WHEREAS, the BTG, Inc. Employee Stock Purchase Plan (the
"Plan") has been duly adopted by the Board of Directors of BTG, Inc. (the
"Company") on May 26, 1995 and by the shareholders of the Company on August 30,
1995 to enable eligible employees of the Company and its participating
affiliates (as defined below), through Payroll deductions, to purchase shares
of the Company's common stock (the "Common Stock") and thus to benefit the
Company by increasing the employees' interest in the Company's growth and
success and encouraging eligible employees to remain in the employ of the
Company or its participating affiliates; and
WHEREAS, the Board of Directors has approved certain
amendments to the Plan subject to shareholder approval, to be effective as of
the commencement of the first Payroll Deduction Period (as defined below)
following such shareholder approval, and has authorized restatement of the Plan
to reflect such amendments, as set forth below;
NOW, THEREFORE, the provisions of the Plan, as amended and
restated, are set forth below:
1. SHARES SUBJECT TO THE PLAN. Subject to adjustment as provided
in Section 21 below, the aggregate number of shares of Common Stock that will
be made available for purchase by participants under the Plan is 400,000. The
shares issuable under the Plan may, in the discretion of the Board of Directors
of the Company (the "Board"), be either authorized but unissued shares or
treasury shares.
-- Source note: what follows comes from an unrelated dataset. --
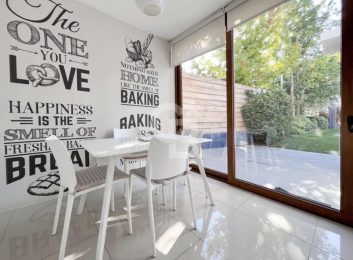 Casa Mediterránea En Los Trapenses, Cercana A Colegios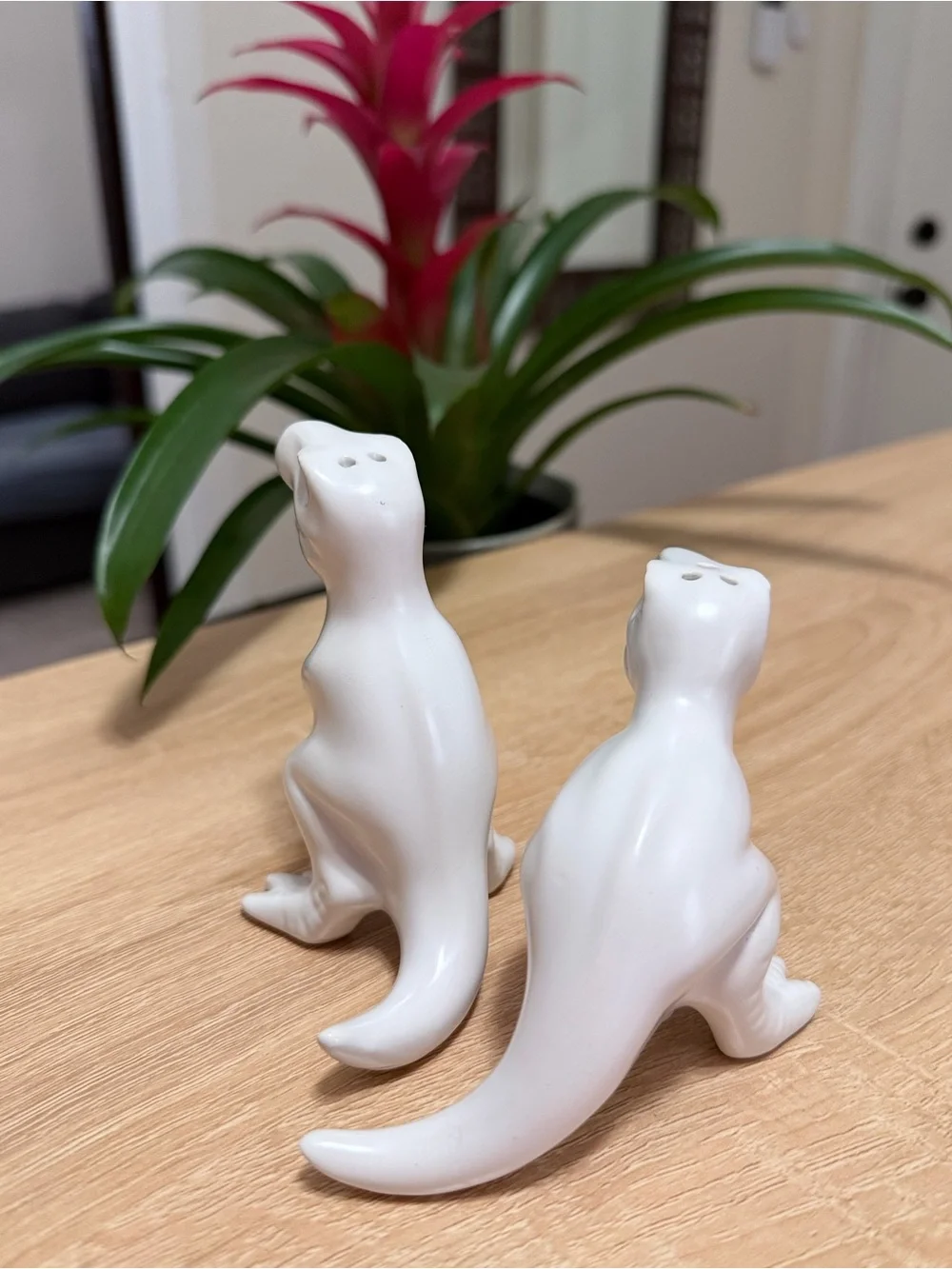 Cute kawaii Dinosaur Bow tie Salt & Pepper Shakers whimsical kitchen decor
To the extent there shall be any adjustment pursuant to the
provisions of Section 21 hereof, the aforesaid number of shares shall be
appropriately adjusted.
2. ADMINISTRATION. The Plan shall be administered under the
direction of the Employee Stock Purchase Plan Committee (the "Committee"),
consisting of at least two members of the Board, none of whom shall be an
employee of the Company or its affiliates or otherwise eligible to participate
in the Plan. Members of the Committee shall be appointed, and may be removed,
by the affirmative vote of the majority of the entire Board. No member of the
Board or the Committee shall be liable for any action or determination made in
good faith with respect to the Plan.
3. INTERPRETATION. It is intended that the Plan meet the
requirements for an "employee stock purchase plan" under Section 423 of the
Internal Revenue Code of 1986 (the "Code") and is to be so applied and
interpreted. Subject to the express provisions of the Plan, the Committee
shall have authority to interpret the Plan, to prescribe, amend and rescind
rules relating to it, and to make all other determinations necessary or
advisable in administering the Plan, all of which determinations will be final
and binding upon all persons.
4. ELIGIBLE EMPLOYEES. Any employee of the Company or any of its
participating affiliates may participate in the Plan, except the following, who
are ineligible to participate: (a) an employee whose customary employment is
for less than five months in any calendar year; (b) an employee whose customary
employment is 20 hours or less per week; and (c) an employee who, after
exercising his or her rights to purchase shares under the Plan, would own
shares of Common Stock (including shares that may be acquired under any
outstanding options) representing five percent or more of the total combined
voting power of all classes of stock of the Company. The term "participating
affiliate" means any direct or indirect affiliate of the Company that is
designated as such by a resolution of the Board. The Board may at any
<PAGE> 2
time in its sole discretion, if it deems it advisable to do so, terminate the
participation of the employees of a particular affiliate or affiliates.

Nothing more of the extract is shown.